En algún instante, no hace mucho tiempo, a penas lo recuerdo, comencé a vivir sin pensar en el transcurso de los días, a filtrar las mañanas por la cafetera hasta disolverlas en el trafico de las noches por la avenida Insurgentes Norte.
Llevo meses sin poder escribir una buena línea, un buen verso, algo que desmadre el inconsciente, ofenda el instinto. Pero nada sale de mi cabeza más que trabajo de oficina.
El deterioro que mi cuerpo siente al tener que acostumbrase a la rutina, a un edificio, a personas encerradas, estacionadas en habitaciones que desintegran su energía para conseguir dinero, esconde mi verdadero deseo de quedarme en casa y no hacer nada. O el de salir a las calles del centro y toparme con una vida de aventuras y libertinaje con la que se sueña y muy pocas veces se hace realidad.
La abstinencia de letras no me ha impedido tener ideas que se revolotean en mi mente. Ahí hay paisajes, nombres, muchos sentimientos, descuidos, un cúmulo de situaciones, acciones, pero casi nada es concreto.

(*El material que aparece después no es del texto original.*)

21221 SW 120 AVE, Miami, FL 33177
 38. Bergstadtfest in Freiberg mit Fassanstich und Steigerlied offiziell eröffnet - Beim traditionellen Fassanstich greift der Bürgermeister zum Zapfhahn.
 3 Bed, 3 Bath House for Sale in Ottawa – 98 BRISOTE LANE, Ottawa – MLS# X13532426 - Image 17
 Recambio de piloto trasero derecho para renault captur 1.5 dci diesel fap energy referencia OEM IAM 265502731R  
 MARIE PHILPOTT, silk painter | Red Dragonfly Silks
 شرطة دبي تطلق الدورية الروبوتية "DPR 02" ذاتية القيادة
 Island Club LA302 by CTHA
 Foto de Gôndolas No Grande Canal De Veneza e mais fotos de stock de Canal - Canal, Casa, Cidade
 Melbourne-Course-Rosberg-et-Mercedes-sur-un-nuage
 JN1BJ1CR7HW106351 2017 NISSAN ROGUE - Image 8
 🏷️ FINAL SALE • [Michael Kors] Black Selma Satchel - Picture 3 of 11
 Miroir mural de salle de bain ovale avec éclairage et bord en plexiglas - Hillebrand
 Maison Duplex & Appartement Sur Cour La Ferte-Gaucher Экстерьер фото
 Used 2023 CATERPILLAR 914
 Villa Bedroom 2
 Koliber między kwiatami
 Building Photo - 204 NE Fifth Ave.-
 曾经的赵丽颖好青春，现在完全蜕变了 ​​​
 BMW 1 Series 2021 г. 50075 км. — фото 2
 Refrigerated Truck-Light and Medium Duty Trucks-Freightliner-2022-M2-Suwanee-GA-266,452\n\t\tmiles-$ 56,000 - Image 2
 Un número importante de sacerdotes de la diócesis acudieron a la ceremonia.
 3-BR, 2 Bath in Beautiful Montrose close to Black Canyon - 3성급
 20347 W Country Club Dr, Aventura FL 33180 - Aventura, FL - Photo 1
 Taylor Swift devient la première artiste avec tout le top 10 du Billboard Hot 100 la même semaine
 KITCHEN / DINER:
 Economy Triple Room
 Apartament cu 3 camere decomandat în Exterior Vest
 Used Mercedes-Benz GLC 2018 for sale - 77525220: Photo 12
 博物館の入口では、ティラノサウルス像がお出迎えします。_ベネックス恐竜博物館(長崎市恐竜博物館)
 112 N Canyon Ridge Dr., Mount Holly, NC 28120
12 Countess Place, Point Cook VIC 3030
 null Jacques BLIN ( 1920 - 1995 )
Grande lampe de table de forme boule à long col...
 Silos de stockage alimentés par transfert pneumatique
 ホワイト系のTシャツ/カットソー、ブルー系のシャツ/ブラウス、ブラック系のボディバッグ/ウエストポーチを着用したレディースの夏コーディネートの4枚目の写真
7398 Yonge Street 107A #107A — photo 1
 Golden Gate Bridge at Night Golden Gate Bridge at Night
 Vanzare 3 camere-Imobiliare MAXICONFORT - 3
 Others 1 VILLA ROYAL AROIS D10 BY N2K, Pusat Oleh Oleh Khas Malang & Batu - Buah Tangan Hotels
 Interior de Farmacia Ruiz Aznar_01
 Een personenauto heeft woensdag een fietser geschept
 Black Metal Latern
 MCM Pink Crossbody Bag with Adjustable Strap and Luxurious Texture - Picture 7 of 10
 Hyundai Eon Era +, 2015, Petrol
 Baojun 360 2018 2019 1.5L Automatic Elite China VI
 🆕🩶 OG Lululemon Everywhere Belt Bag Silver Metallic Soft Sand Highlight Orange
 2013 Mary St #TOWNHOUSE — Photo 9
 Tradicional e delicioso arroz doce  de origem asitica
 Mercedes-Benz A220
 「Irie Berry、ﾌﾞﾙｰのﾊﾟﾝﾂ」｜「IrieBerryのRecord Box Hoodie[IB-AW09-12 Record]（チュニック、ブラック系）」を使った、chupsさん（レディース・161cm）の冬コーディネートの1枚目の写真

Se que ahora escribo por el simple hecho de regresar.
Tratar de llevarme bien con el teclado de esta máquina para que me permita decir cosas es lo único que me queda. Además de las ráfagas en mi cabeza y el sonido de una ¡ALARMA! que no deja de joder en mis oídos y que indiscutiblemente proviene del mundo exterior pero que para mí, es la inmovilidad de mi percepción aturdida en esta tarde de septiembre que me ha generado el innecesario impulso de escribir.